Industry-Specific Compliance

Compliance gaps, especially before serious funding and scaling, can result in substantial legal fees. These bear legal and financial risks that, generally, would result in postponing any go-to-market plans and lower the company’s valuation. 

For healthcare or financial apps, or any apps that store personal, payment, or sensitive data, technical due diligence will focus on the following potential weak spots:

  • access controls, logs, and audits for data;
  • certain data must have particular deletion and retention policies;
  • data encryption;
  • consent management;
  • fraud monitoring, alerts, and responses;
  • identity verification, verification of documentation for partners, and connected third-party services.

Let’s imagine a healthcare startup. It prioritized speed, and so compliance to-dos got postponed. The company got traction, and it is time to get the next round of funding. Once the investors realize the gap in compliance, they will not proceed with the deal until an external compliance company approves. 

While it is not critical, the funding will be delayed for several months, external checks will increase costs, and after it is done, the deal terms are very likely to be amended. Compliance issues will not stall the startup growth entirely, but they will cost time, money, and how favorable the deal with investors is.  

Final Words

Technical Due Diligence is a ticket to success in a quite practical way. Even if you don’t do it for investors, going through the checklists and doing the fixes will ensure the startup can grow safely, predictably, and productively.
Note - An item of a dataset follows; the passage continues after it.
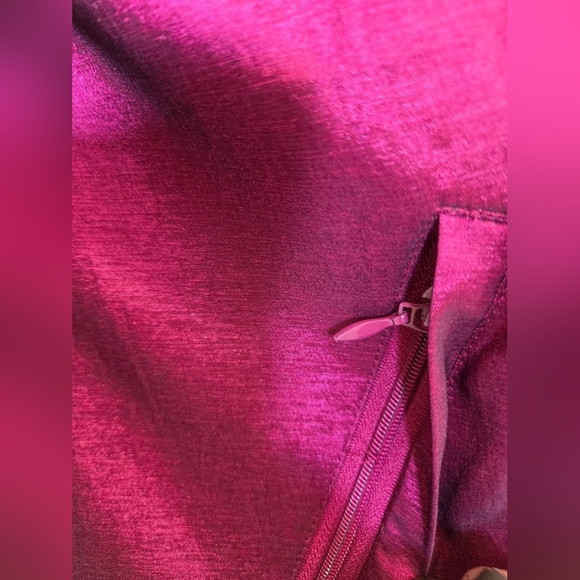 Kerrybrooke Shiny Magenta Jacket With Button Down Collar and 3/4 Sleeves. Small - Picture 4 of 15
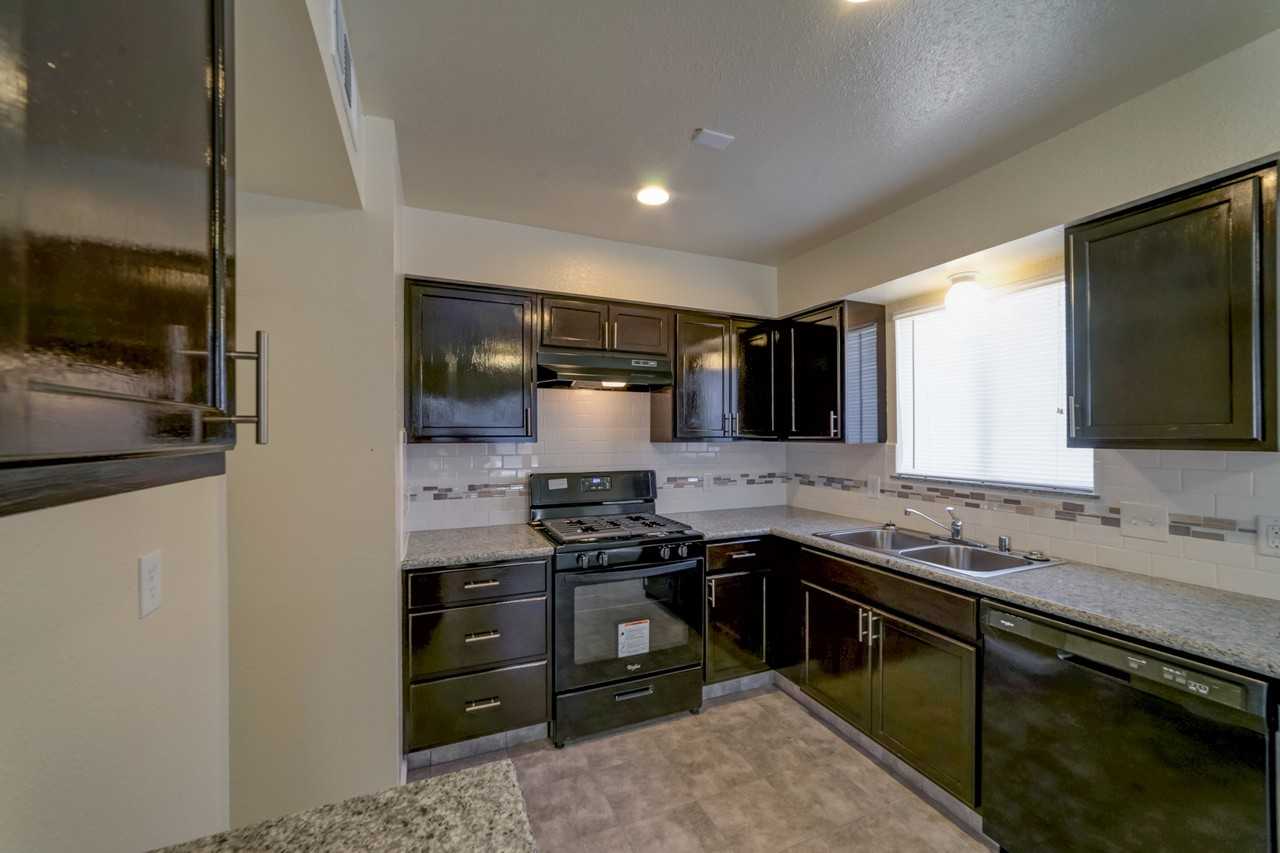4414 W. Myrtle Ave. - Photo 5 of 18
Seasoned Chief Technical Officers (CTOs) often put checks and proper development practices in place even before any formal TDD process. Dealing with crises is often more expensive than preventing them. Moreover, as a rule, the vulnerabilities resurface at the worst possible timing. For instance, when your marketing department has been experimenting with creatives for weeks, if not months. Then, when one of them clicks with the platform’s algorithm and the traffic to the app surges, tech weaknesses rear their ugly heads. All in all, as soon as MVP is finished and the product starts getting traction, it is a good idea to clean up the codebase and level up the development practices. 

FAQ: Technical Due Diligence: How to Prepare as a Startup

What is technical due diligence and why do investors require it?

Technical due diligence is a structured review of a startup’s technical assets, team, and processes. Investors use it to understand technical risks, validate scalability, and ensure there are no hidden issues that could slow growth or destroy value after funding.

At what stage should a startup prepare for technical due diligence?

Preparation should start once an MVP proves viability or early revenue appears. Waiting until investors request TDD often leads to rushed fixes, delayed deals, and weaker negotiating positions.

What are the most common technical issues found during due diligence?

Typical issues include undocumented or untested code, hardcoded credentials, lack of access controls, monolithic architecture without scaling strategy, missing cost controls in infrastructure, and weak development processes.

What parts of the product are typically reviewed during technical due diligence?

The review usually covers the codebase, system architecture, security practices, infrastructure setup, development processes, team structure, and compliance requirements. Each area is evaluated to understand technical risk, scalability limits, and operational maturity.

Why does compliance matter even for early-stage startups?

Compliance gaps can delay funding, limit market access, and require expensive external audits. In regulated industries, unresolved compliance issues often reduce valuation and weaken negotiating power with investors.